***** Data for processing
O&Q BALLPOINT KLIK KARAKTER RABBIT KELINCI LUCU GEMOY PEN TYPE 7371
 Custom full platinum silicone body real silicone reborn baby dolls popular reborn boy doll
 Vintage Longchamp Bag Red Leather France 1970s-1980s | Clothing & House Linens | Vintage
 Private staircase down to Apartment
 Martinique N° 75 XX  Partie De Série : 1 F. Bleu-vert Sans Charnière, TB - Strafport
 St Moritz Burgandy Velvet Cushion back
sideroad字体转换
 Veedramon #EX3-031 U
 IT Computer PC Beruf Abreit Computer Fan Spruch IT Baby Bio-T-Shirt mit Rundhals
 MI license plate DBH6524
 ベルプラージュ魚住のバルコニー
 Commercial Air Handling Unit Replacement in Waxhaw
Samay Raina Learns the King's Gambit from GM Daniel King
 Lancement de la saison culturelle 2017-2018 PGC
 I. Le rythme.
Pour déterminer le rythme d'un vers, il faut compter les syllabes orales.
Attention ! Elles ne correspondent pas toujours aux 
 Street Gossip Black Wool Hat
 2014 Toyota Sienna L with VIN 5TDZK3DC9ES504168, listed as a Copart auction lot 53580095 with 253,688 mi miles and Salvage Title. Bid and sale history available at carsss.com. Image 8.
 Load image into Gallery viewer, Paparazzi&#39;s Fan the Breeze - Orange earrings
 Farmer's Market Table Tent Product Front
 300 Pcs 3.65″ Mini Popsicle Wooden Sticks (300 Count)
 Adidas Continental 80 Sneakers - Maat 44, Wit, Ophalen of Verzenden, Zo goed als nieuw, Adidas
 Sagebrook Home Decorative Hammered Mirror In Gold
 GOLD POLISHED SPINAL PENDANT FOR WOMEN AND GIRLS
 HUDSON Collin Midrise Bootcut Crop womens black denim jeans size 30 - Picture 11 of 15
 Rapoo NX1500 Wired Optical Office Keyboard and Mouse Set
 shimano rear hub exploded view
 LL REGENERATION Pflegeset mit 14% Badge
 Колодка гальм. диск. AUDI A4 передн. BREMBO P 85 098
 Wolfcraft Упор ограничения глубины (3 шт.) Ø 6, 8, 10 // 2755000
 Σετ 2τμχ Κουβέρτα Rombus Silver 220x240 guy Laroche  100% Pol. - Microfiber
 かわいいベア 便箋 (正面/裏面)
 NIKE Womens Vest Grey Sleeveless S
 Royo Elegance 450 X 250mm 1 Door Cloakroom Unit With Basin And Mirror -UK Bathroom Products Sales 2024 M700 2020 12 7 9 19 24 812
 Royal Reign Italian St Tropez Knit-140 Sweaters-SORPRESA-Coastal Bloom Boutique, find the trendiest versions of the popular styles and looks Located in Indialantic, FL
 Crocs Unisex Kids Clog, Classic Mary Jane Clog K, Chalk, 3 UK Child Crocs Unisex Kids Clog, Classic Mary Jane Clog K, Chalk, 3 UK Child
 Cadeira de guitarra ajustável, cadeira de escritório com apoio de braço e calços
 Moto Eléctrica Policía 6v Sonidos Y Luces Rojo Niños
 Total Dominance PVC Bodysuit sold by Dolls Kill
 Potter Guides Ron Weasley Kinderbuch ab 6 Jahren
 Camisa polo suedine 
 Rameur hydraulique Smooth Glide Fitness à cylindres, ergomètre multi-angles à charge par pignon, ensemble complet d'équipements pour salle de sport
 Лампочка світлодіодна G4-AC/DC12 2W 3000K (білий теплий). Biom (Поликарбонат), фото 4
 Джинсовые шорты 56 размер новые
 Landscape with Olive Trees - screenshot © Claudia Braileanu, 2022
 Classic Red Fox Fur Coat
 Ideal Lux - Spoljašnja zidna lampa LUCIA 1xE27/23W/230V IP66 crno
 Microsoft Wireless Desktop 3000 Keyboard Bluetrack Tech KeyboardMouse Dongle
**********
## [Directions for this task]
Look above and repeat, character for character, the lines from the first one to the line with "Street Gossip Black Wool Hat", counting both.

## [Finished exercise]
O&Q BALLPOINT KLIK KARAKTER RABBIT KELINCI LUCU GEMOY PEN TYPE 7371
 Custom full platinum silicone body real silicone reborn baby dolls popular reborn boy doll
 Vintage Longchamp Bag Red Leather France 1970s-1980s | Clothing & House Linens | Vintage
 Private staircase down to Apartment
 Martinique N° 75 XX  Partie De Série : 1 F. Bleu-vert Sans Charnière, TB - Strafport
 St Moritz Burgandy Velvet Cushion back
sideroad字体转换
 Veedramon #EX3-031 U
 IT Computer PC Beruf Abreit Computer Fan Spruch IT Baby Bio-T-Shirt mit Rundhals
 MI license plate DBH6524
 ベルプラージュ魚住のバルコニー
 Commercial Air Handling Unit Replacement in Waxhaw
Samay Raina Learns the King's Gambit from GM Daniel King
 Lancement de la saison culturelle 2017-2018 PGC
 I. Le rythme.
Pour déterminer le rythme d'un vers, il faut compter les syllabes orales.
Attention ! Elles ne correspondent pas toujours aux 
 Street Gossip Black Wool Hat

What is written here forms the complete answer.